(Source data)
※

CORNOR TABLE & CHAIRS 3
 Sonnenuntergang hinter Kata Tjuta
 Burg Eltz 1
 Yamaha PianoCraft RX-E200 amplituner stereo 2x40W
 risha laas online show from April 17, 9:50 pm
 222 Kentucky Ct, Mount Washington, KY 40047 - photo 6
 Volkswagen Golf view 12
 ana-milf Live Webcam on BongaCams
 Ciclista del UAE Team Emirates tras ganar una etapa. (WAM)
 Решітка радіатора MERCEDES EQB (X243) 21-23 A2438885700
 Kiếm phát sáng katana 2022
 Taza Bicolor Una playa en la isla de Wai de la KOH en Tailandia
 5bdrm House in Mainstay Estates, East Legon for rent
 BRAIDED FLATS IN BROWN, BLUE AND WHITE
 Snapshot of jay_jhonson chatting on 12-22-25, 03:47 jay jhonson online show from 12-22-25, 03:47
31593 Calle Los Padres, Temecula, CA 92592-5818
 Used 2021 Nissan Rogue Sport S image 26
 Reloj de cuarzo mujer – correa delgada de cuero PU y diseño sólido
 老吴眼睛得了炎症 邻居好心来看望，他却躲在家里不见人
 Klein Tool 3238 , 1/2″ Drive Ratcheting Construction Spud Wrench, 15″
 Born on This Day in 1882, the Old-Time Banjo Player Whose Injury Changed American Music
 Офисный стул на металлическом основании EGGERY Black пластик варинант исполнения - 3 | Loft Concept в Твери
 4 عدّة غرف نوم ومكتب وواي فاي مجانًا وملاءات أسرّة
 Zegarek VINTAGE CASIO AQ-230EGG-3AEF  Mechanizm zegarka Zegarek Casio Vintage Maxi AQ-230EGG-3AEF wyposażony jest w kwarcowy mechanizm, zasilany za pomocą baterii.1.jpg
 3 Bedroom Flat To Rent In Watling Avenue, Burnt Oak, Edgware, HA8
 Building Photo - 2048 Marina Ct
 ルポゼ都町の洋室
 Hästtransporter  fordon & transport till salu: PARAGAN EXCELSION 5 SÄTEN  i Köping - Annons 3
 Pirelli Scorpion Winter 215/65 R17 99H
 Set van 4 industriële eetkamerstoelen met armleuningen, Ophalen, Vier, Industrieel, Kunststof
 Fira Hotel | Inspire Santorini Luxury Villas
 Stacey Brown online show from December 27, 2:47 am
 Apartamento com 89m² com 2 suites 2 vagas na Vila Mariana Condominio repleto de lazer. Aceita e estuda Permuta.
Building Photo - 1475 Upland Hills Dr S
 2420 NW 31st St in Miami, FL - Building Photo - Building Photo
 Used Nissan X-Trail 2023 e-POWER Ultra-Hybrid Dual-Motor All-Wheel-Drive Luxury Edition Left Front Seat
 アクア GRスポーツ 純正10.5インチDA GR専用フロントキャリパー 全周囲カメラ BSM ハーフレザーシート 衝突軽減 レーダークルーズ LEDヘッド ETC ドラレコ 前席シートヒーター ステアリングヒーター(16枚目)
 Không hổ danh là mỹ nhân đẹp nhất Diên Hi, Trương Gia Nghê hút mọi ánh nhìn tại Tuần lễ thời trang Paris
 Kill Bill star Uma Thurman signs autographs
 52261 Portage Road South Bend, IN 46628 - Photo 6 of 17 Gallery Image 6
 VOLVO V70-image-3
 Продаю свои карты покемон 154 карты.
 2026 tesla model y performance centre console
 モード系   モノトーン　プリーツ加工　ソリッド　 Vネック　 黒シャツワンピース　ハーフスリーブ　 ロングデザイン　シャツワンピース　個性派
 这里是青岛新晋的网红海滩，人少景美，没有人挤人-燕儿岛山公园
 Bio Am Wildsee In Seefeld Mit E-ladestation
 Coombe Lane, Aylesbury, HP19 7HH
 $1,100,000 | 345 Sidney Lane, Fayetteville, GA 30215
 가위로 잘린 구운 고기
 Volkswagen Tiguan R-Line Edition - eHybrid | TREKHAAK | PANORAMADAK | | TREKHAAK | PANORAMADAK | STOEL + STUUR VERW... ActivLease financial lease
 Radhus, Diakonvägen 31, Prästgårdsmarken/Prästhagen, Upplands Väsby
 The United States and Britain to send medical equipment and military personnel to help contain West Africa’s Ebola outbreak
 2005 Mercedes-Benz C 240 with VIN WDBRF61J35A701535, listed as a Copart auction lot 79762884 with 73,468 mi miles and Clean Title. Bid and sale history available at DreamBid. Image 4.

※

Exercise objective:
Return, word for word, the lines of the data above from the line with "Building Photo - 1475 Upland Hills Dr S" through the line with "Kill Bill star Uma Thurman signs autographs", inclusive.

Task solution:
Building Photo - 1475 Upland Hills Dr S
 2420 NW 31st St in Miami, FL - Building Photo - Building Photo
 Used Nissan X-Trail 2023 e-POWER Ultra-Hybrid Dual-Motor All-Wheel-Drive Luxury Edition Left Front Seat
 アクア GRスポーツ 純正10.5インチDA GR専用フロントキャリパー 全周囲カメラ BSM ハーフレザーシート 衝突軽減 レーダークルーズ LEDヘッド ETC ドラレコ 前席シートヒーター ステアリングヒーター(16枚目)
 Không hổ danh là mỹ nhân đẹp nhất Diên Hi, Trương Gia Nghê hút mọi ánh nhìn tại Tuần lễ thời trang Paris
 Kill Bill star Uma Thurman signs autographs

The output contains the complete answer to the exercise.